I played that on my recorder in primary school. For those of you who may not know what a recorder is, it is a flute-like instrument, except it does not sound as graceful as the flute and my sisters told me to stop playing when they were studying for exams, during their uni days. It was a compulsory thing to have a recorder in my primary school!

Before going into the oven
I've always had that joy of eating hot cross buns. For years, my mum has been buying the packaged ones from the supermarket. I thought they were pretty darn great. Just microwave it for a few seconds, and then smother a big knob of butter, each time was like someone giving you a hug. But, it gets better when it's home-made!
This recipe was pretty darn good, although next time I might switch the flour up to bread flour. It is also incredibly easy, and once they're done, they look pretty cute. They could pass off as looking like store-bought. The smell of hot cross buns always really get to me, and this one smelled like the ones from a bakery. I could smell the spices, and the flour with the raisins.

 Except, you actually know what goes into these. And, you can adjust it to your liking. Don't like raisins? Maybe put some chocolate chips. Like more cinnamon and spices? Add more!
 My first term of school is nearly over, and I am more than ready for the holidays. It's time for some Friends marathon, a bookathon and a bake-athon.
Look out for another hot cross buns post soon! I will be making chocolate hot cross buns :)
Hot cross buns
Yields: 12 buns

310 ml warmed milk
60 g sugar
14 g dried yeast (2 x 7g satchels)
600 g all-purpose flour, sifted
1 tsp salt
1.5 tsps ground cinnamon
1 tsp allspice
1/2 tsp ground nutmeg
60 g butter
1 cup of raisins/sultanas *
2 eggs

* The original recipe calls for 1 and a half cups of raisins, but I thought that was a little too much, so I reduced it to 1 cup.

60 g plain flour
60 ml water

2 tbsp apricot jam, warmed and then strained

1. In a bowl, whisk together the sugar, milk and yeast together until well combined. Set aside for 10 minutes, or until it becomes frothy.
2. Mix the flour, salt and spices in a large bowl. Using your fingers, rub the butter into the flour until mixed and crumbly. Stir in the raisins/sultanas, egg and the yeast mixture until combined.
3. On a lightly floured surface, knead the bread dough for about 5 minutes until smooth and elastic.
4. Lightly grease another large bowl and place the dough in and turn to coat the surface with grease. Cover with cling wrap, and leave in a warm environment for 45 minutes, or until the dough has doubled in size.
5. When ready, remove the cling wrap and use your fist to punch down the dough. Give it another knead until smooth, and divide into 12 buns (I managed to get 14 buns though).
6. Place the buns into a greased baking tray, or lined with parchment paper. Cover with a towel or clingwrap and leave in a warm place to rise again for another 15 minutes. Preheat to 200 C (400 F)
7. Whisk together the flour and water to form a smooth paste. Pipe the crosses onto p of the buns, and bake at 200 C (400 F) for 10 minutes. Reduce heat to 180 C, and bake for a further 15 minutes. Buns are ready when it sounds hollow when you tap the tops.
8. Brush with the apricot glaze, while it is still warm.

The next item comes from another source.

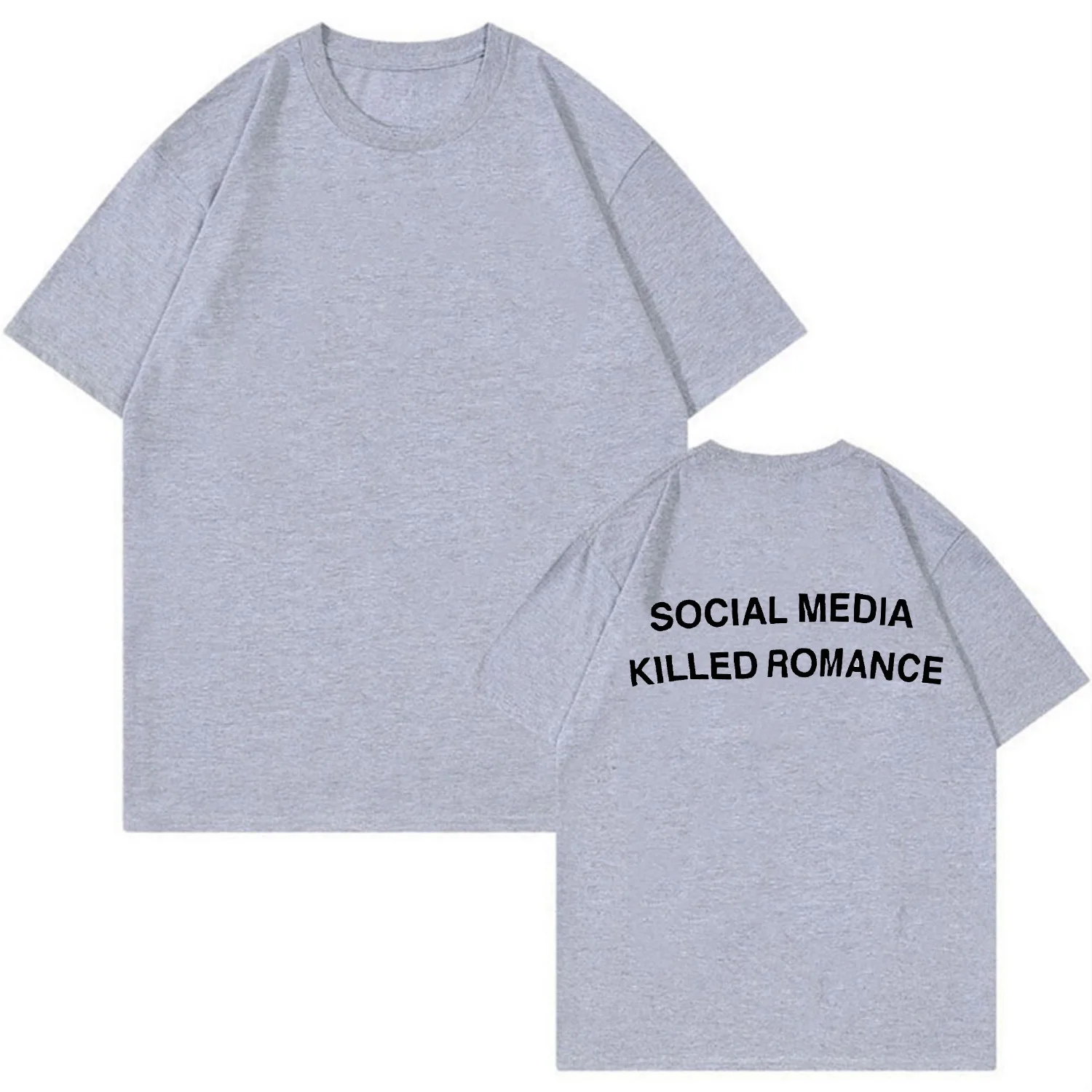 SOCIAL MEDIA KILLED ROMANCE T-shirt Fun Custom Couple Short Sleeve 100% Cotton Crew Neck Top for Men and Women  gothic 3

Adapted from Citrus and candy


  1. oh gosh... milliliters and grams... I always sucked at conversions:)

    1. Do you mean how to convert ml to g? It's the same measurement, just different units so 310 ml milk is essentially 310 g of milk if that makes sense! Or if you're talking about converting it into ounces/American measurement, you can find a converter online!